Understanding Dental Code D6113
When to Use D6113 dental code
The D6113 dental code is designated for an implant/abutment supported removable denture for a partially edentulous mandibular arch. This CDT code should be used when a patient is missing some, but not all, teeth in the lower jaw, and the treatment plan calls for a removable partial denture that is supported by dental implants or abutments. It is essential to distinguish D6113 from codes for fully edentulous arches or fixed prosthetics. Proper code selection ensures accurate claim submission and reimbursement.
Documentation and Clinical Scenarios
Accurate documentation is key for successful billing and claim approval. When using D6113, ensure the clinical notes clearly indicate:
- The arch being treated (mandibular/lower jaw)
- The partial edentulism status (which teeth are missing and which remain)
- The use of dental implants or abutments as support for the removable denture
- Pre-operative radiographs and treatment planning records
- Detailed narrative describing the necessity for implant support versus conventional removable partial dentures
Common clinical scenarios include patients with significant tooth loss in the lower arch who have sufficient bone for implant placement, but who are not candidates for a fixed prosthesis due to anatomical, financial, or personal preferences.
Insurance Billing Tips
To maximize reimbursement and minimize denials when billing D6113:
- Verify benefits before treatment: Confirm with the payer that implant-supported removable partial dentures are a covered benefit and clarify any frequency limitations or waiting periods.

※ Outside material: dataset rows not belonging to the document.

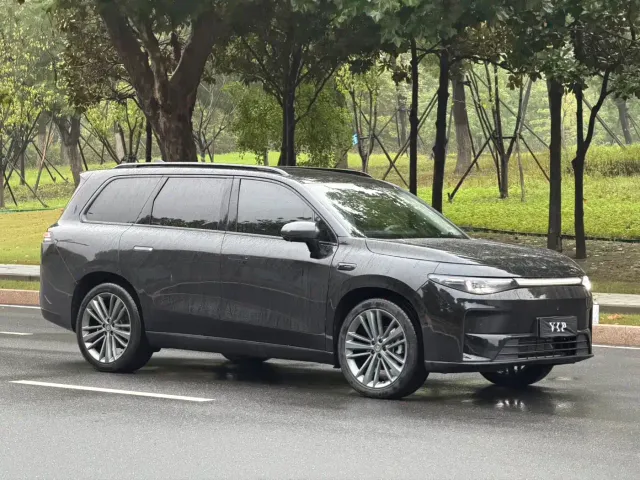 Leapmotor C16 — Фото автомобиля 3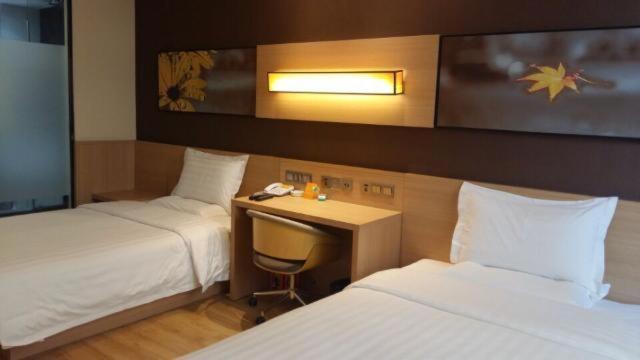 Business Twin Room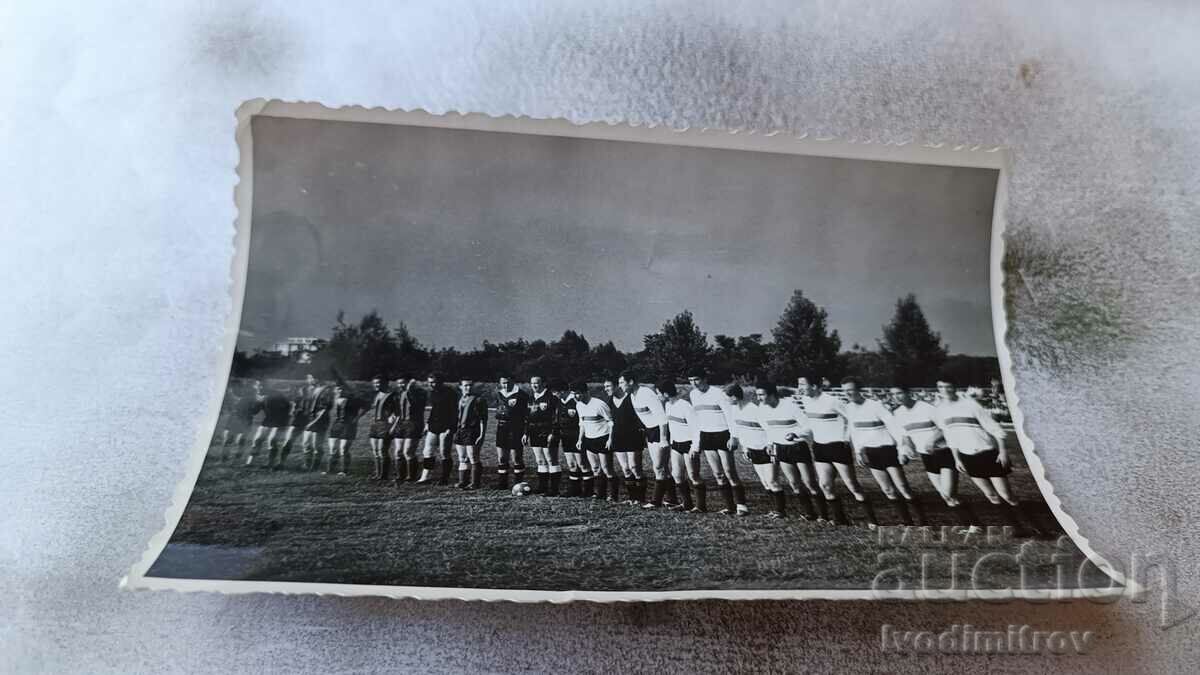 Φωτογραφία Ομάδες ποδοσφαίρου και διαιτητές πριν από την έναρξη ενός ποδοσφαιρικού αγώνα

- Submit comprehensive documentation: Attach pre-op and post-op radiographs, periodontal charting, and a detailed narrative explaining the clinical rationale for implant support.

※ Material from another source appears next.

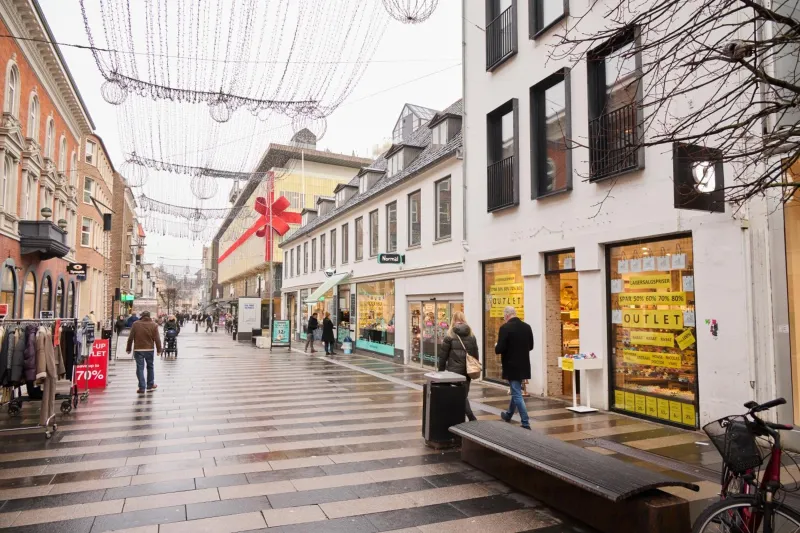 Billede 4 af Søndergade - “strøget”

- Use correct attachments: Include implant brand, location, and abutment details as required by the payer.
- Monitor EOBs (Explanation of Benefits) for payment accuracy and watch for bundling with other procedures, such as implant placement (D6010) or abutment placement (D6056).

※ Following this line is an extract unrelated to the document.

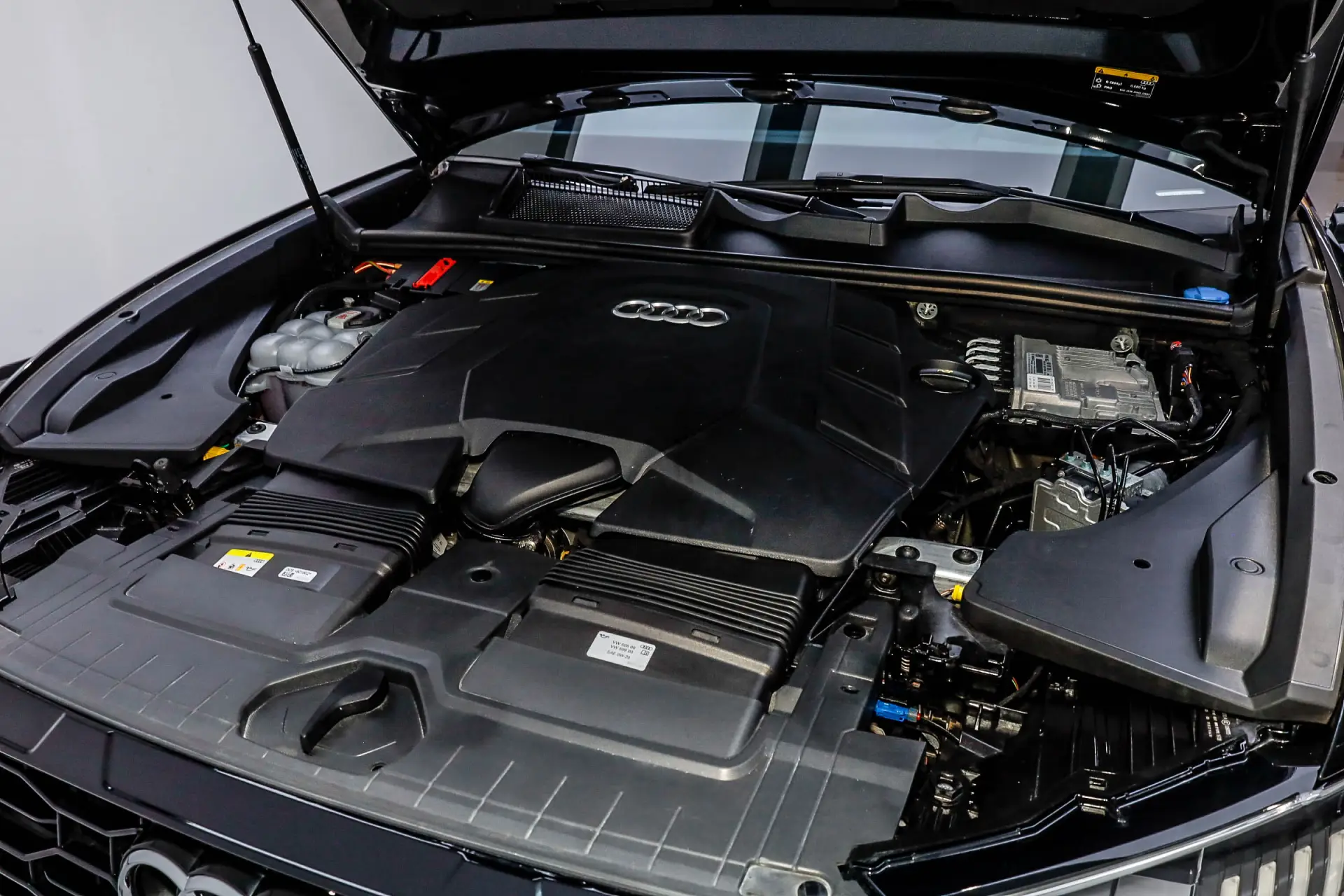 Audi Q8 55 TFSI, 2023 9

- Appeal denials promptly: If claims are denied, review the payer’s policy, supply additional documentation, and submit a clear appeal letter referencing the clinical necessity and supporting evidence.
Example Case for D6113
Case: A 62-year-old patient presents with multiple missing teeth in the lower arch but retains several anterior teeth. After evaluation, the dental team recommends a removable partial denture supported by two strategically placed implants to enhance retention and stability. The clinical notes document the patient’s partial edentulism, the locations of the implants, and the rationale for choosing a removable prosthesis over a fixed option. The claim is submitted with D6113, accompanied by radiographs, a narrative, and implant details. The insurance carrier approves the claim after reviewing the comprehensive documentation, and the practice receives timely reimbursement.
This example highlights the importance of using the correct CDT code, thorough documentation, and proactive communication with payers to ensure successful outcomes for both the patient and the dental practice.